*Required work*:
Your copy should start at the line with "In the React.js" and end at the line with "When you're inside" in the data below. Transcribe only those lines, exactly, pictures excluded.

*Listed entries*:
------------------------------------------------------------
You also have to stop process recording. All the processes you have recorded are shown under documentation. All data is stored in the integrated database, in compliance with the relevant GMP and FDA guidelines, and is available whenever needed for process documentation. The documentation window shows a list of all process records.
------------------------------------------------------------
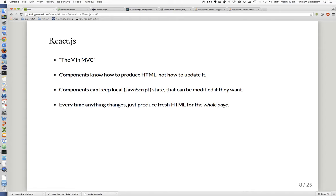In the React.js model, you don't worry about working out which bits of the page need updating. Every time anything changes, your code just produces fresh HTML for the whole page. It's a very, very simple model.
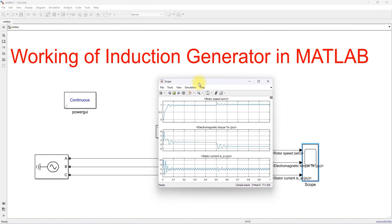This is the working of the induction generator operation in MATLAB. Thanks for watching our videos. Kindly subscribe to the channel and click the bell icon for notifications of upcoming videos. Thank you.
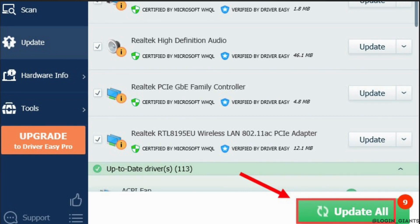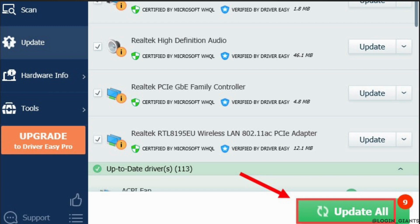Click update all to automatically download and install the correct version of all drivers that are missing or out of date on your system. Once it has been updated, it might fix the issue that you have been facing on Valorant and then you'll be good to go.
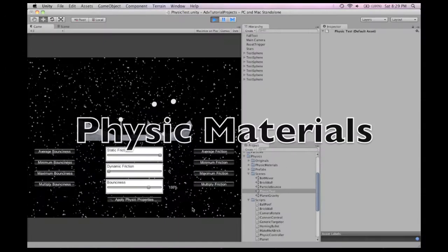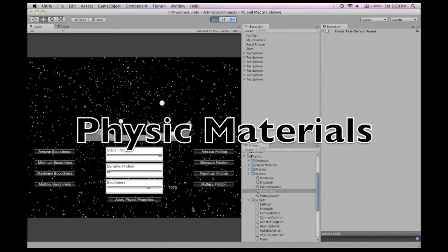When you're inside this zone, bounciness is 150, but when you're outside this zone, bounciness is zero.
------------------------------------------------------------
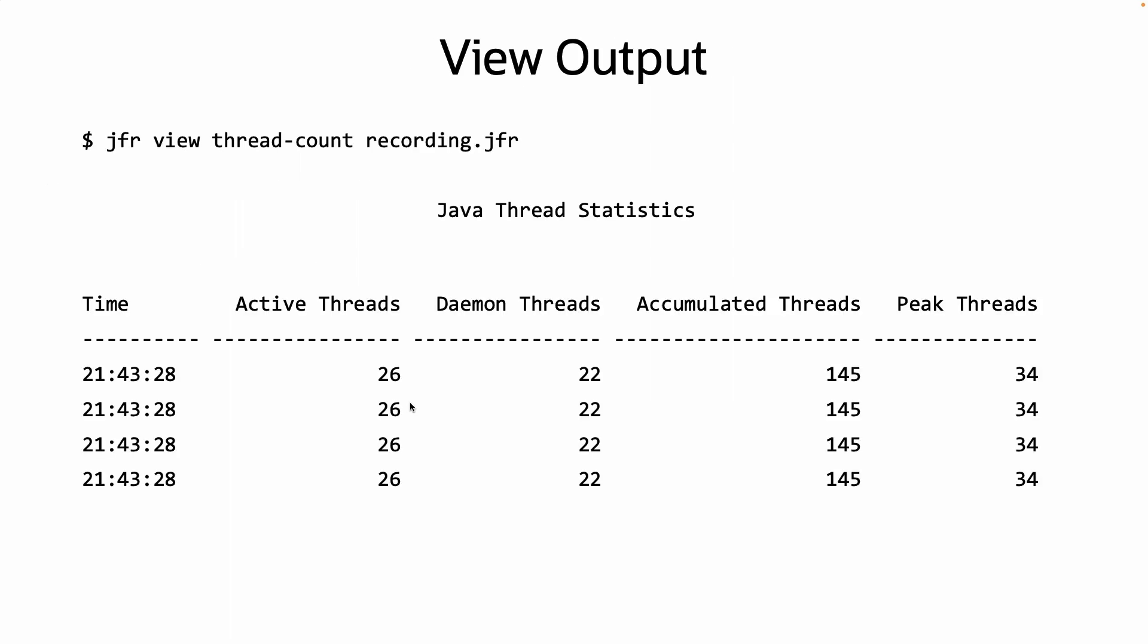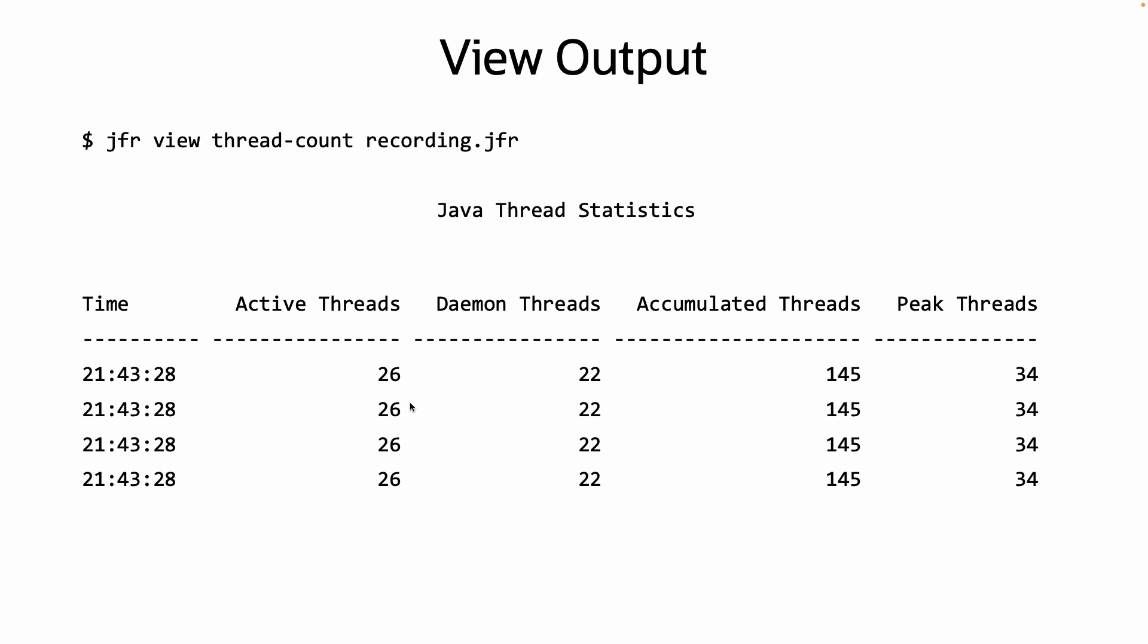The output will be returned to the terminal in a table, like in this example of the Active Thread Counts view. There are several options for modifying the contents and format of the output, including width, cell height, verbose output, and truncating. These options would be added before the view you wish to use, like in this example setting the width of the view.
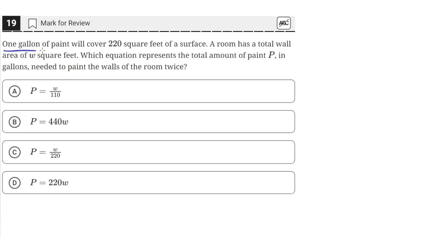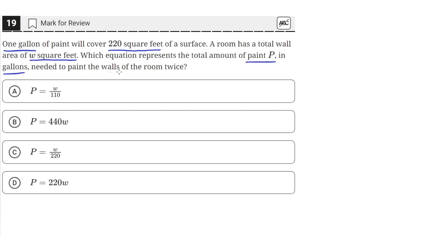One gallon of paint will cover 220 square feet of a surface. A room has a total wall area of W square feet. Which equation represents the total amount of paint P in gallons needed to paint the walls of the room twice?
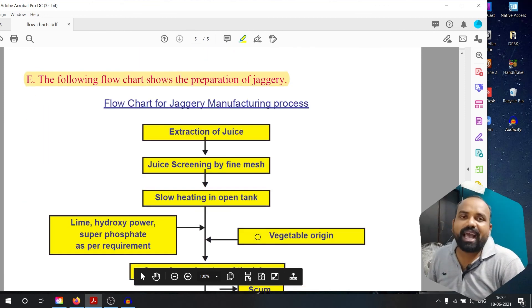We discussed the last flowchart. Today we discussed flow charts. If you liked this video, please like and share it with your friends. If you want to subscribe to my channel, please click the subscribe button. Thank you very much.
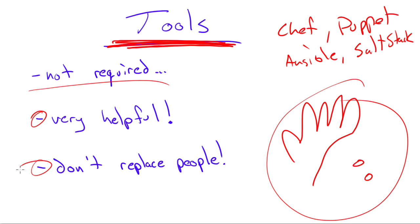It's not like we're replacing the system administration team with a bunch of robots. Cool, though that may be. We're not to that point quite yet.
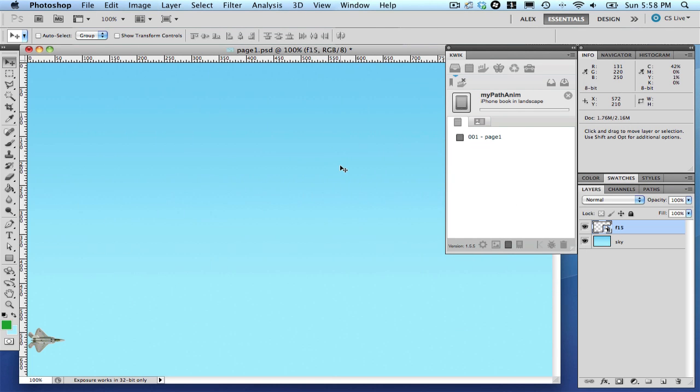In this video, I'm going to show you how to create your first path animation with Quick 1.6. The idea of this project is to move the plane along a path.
------------------------------------------------------------
*Result of the task*:
In the React.js model, you don't worry about working out which bits of the page need updating. Every time anything changes, your code just produces fresh HTML for the whole page. It's a very, very simple model.
This is the working of the induction generator operation in MATLAB. Thanks for watching our videos. Kindly subscribe to the channel and click the bell icon for notifications of upcoming videos. Thank you.
Click update all to automatically download and install the correct version of all drivers that are missing or out of date on your system. Once it has been updated, it might fix the issue that you have been facing on Valorant and then you'll be good to go.
When you're inside this zone, bounciness is 150, but when you're outside this zone, bounciness is zero.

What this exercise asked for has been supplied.